(COLLECTED MATERIAL)

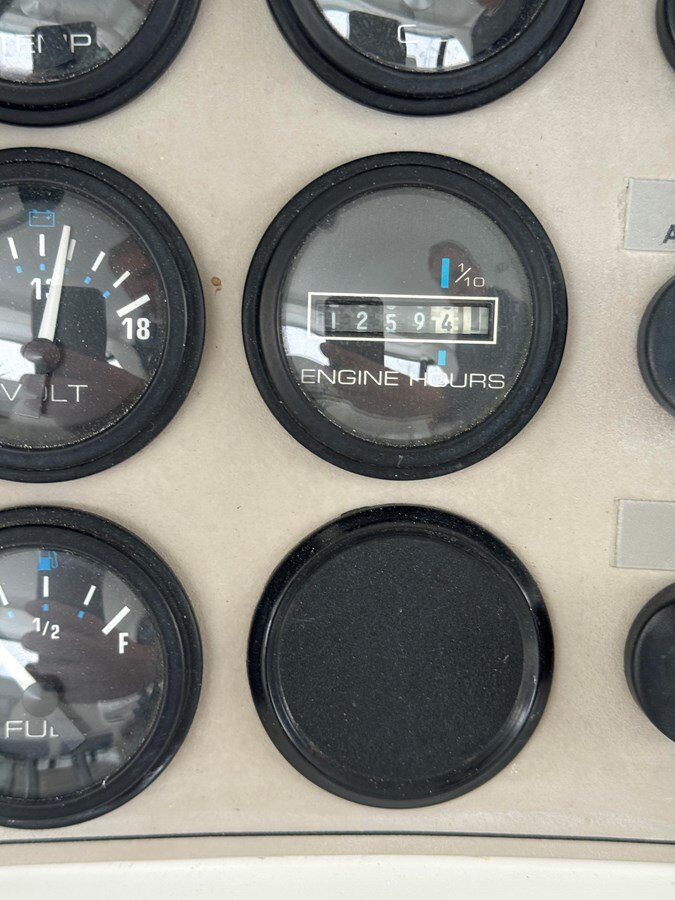 1999-carver-yachts-35-5f036c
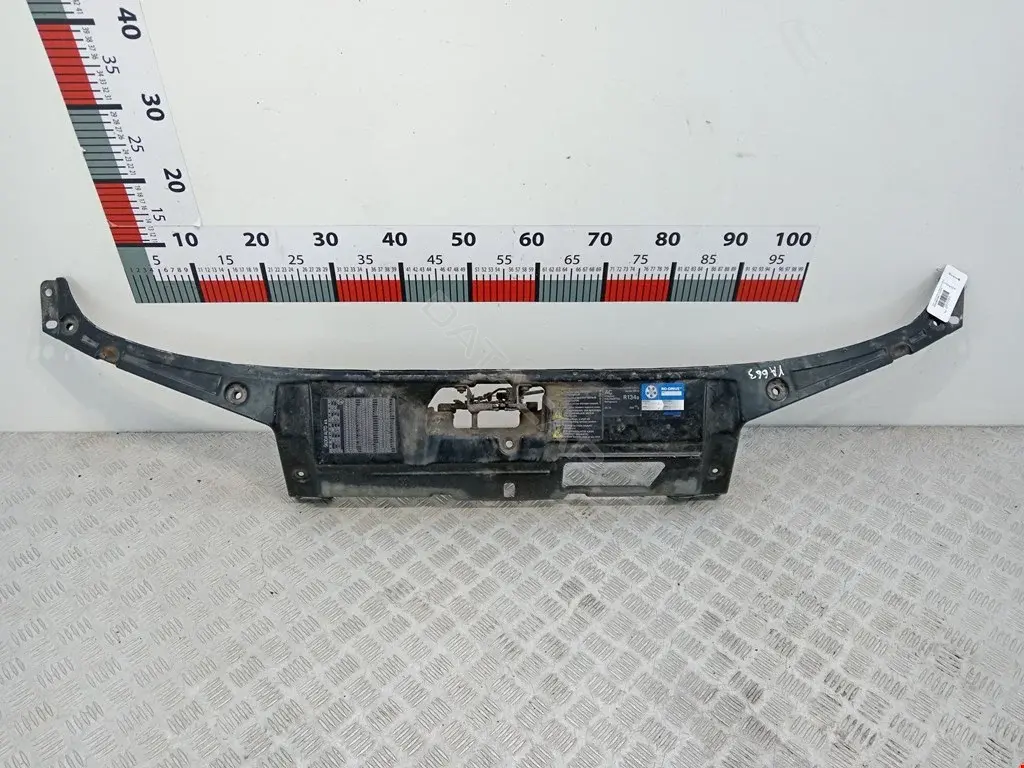 Панель передняя 6913041, 6913041QT, 6Y0805588H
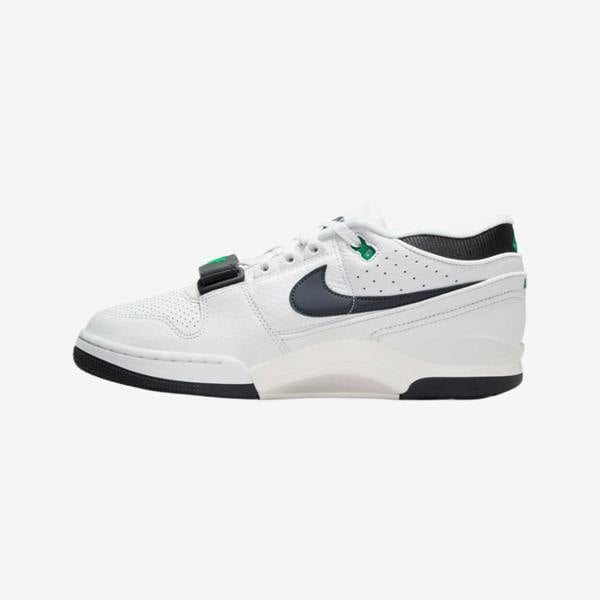 Nike DZ4627-001 Sneakers   in  White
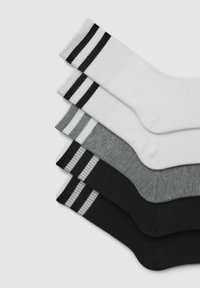 Calzini di cotone neri, grigi e bianchi, con strisce orizzontali a contrasto nella parte superiore, texture a coste e design lunghezza alla caviglia.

(End COLLECTED MATERIAL)

* **YOUR ASSIGNMENT**
Reproduce word for word only the lines between the line containing "Панель передняя 6913041, 6913041QT, 6Y0805588H" and the end of the listing above, both included, and drop any pictures.

* **TASK RESPONSE**
 Панель передняя 6913041, 6913041QT, 6Y0805588H
 Nike DZ4627-001 Sneakers   in  White
 Calzini di cotone neri, grigi e bianchi, con strisce orizzontali a contrasto nella parte superiore, texture a coste e design lunghezza alla caviglia.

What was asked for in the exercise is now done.